Tuesday, February 18, 2025

'A State of Vagary, Doubt and Indecision'

There’s a tidy part of me that wants things resolved, whether a lawsuit or a differential equation. No sloppy inconsistencies, no denouements hanging by a thread. I used to love IRS Form 1040EZ: subtract one number from another, sign your name and wait for the refund. I had a logic professor who told us, “Don’t confuse philosophy with real life.” Adam Zagajewski concludes his poem “An Ode to Plurality” with these words: “a poem grows / on contradiction but it can’t cover it.” That may be true for poems, but humans are infinitely more complicated. Some of us can thrive on the tension; others are paralyzed or broken. 

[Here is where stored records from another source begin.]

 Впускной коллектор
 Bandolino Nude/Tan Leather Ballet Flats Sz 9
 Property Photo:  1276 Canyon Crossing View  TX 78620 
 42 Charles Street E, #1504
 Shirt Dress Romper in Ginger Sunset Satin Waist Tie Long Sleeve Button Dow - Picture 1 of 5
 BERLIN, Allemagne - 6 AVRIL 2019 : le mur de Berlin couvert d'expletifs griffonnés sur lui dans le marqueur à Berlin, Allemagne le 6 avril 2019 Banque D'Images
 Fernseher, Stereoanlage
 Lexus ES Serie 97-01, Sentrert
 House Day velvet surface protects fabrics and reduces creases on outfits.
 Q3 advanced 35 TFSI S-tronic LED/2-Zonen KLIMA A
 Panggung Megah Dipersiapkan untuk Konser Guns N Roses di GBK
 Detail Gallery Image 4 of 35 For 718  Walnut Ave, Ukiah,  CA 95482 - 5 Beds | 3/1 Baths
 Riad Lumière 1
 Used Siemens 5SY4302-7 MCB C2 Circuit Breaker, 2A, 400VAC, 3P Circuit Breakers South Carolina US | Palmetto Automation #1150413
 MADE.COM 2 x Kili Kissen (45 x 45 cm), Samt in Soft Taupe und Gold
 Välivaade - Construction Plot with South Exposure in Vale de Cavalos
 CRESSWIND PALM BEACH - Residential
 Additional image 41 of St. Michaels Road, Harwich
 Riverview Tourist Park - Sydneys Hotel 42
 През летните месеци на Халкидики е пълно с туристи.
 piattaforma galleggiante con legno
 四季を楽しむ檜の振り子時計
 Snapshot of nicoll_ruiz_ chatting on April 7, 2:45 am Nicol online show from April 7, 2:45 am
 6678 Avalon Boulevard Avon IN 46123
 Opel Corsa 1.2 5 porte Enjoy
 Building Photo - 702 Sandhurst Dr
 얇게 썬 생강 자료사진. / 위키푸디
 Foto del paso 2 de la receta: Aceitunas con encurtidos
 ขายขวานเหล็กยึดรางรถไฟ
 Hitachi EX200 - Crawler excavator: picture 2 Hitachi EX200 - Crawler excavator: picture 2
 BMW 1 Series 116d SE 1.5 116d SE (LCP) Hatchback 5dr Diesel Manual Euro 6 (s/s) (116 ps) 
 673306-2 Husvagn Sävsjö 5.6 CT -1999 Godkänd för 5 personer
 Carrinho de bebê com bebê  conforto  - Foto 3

A reader asks for my thoughts on Keats’ notion of “negativity capability.” I’ve often thought his renowned letter to his brothers on December 21, 1817 expresses less a literary theory than a reflection on his sensibility and perhaps ours:

 

“[I]t struck me what quality went to form a Man of Achievement, especially in Literature, and which Shakespeare possessed so enormously — I mean Negative Capability, that is, when a man is capable of being in uncertainties, mysteries, doubts, without any irritable reaching after fact and reason.”

 

The passage is customarily read as embracing poetic openness and rejecting closed systems of thought. The writer, in a sense, is all potential, at least while writing. He projects himself into the sensibilities of others. His imagination is sympathetic. He is not theory-driven. Not for him the “egotistic sublime.”

 

Keats suggests we keep our minds elastic and limber. Don’t assume the first thought or the twenty-seventh is best, though it may be. In his 1978 essay “Spare Time,” V.S. Pritchett refers in passing to negative capability. For a writer, any thought or experience, any book read, may come in handy, even those we’ve forgotten. “A writer,” says Pritchett, “must have the capacity to become passive and lost in doubt in order to be open to new suggestions. He must alternate between clocking in and clocking out.” In his final paragraph, Pritchett writes:

 

“I find that reading Russian novelists, mainly of the nineteenth century, is good for my ‘negative capability’ – a state, incidentally, that means a state of vagary, doubt and indecision as well as self-annulment.”

 

I think of Louise MacNeice’s “Snow,” its reminder that “World is crazier and more of it than we think, / Incorrigibly plural.” The poem suggests we accept “The drunkenness of things being various.”